Out of the INR 10.11 Cr, about INR 5 Cr was raised in debt and the remaining was equity funding, as per the startup’s regulatory filings.
The funding round comes a month after Pratilipi raised about INR 15 Cr via optionally convertible debentures (OCDs) from individual investors.
Talking about the latest funding round, Pratilipi cofounder and CEO Ranjeet Pratap Singh told Inc42 that the startup became cash-flow positive in July. The debt and funding via OCDs was raised after that to accelerate the growth till July 2025.
Pratilipi is also in talks to raise about $12 Mn this month, Singh said, adding that the startup is looking to get ready for an initial public offering (IPO) in early 2026.

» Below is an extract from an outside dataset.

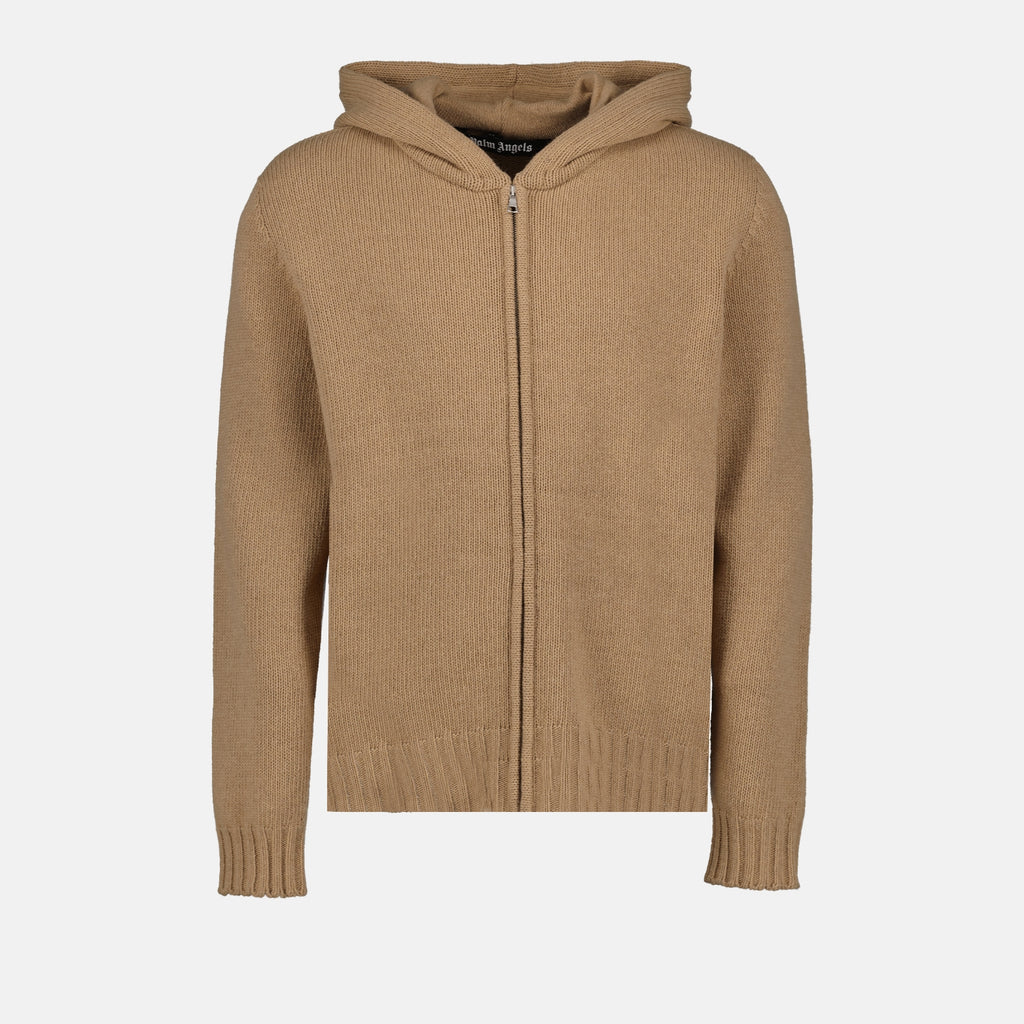 Maille Cardigan zippé Palm Angels Beige Homme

Founded in 2015 by Singh, Sankaranarayanan Devarajan, Rahul Ranjan and Sahradayi Modi, Pratilipi is an Indian language storytelling platform, which connects readers and writers in 12 languages. It claims to have an extensive readership and listener base of up to 15 Mn subscribers and be home to over 9.5 Lakh writers.
It is backed by the likes of Tencent, Omidyar Network, WEH Ventures, Times Internet, and Nexus Ventures Partners, among others, and has raised over $80 Mn in funding to date.
On the financial front, the startup managed to reduce its net loss by 62% to INR 58.13 Cr from INR 152.63 Cr in FY23. Operating revenue surged over 65% to INR 57.8 Cr from INR 34.9 Cr in FY23.
Earlier, Singh told Inc42 that Pratilipi is aiming to achieve an operating revenue of INR 110 Cr by FY25 and INR 180 Cr by FY26.
“We are now at a stage where we can become profitable whenever we want by reducing forward-looking investments or expenditures. We want to grow as quickly as possible before the last two quarters,” the cofounder said then.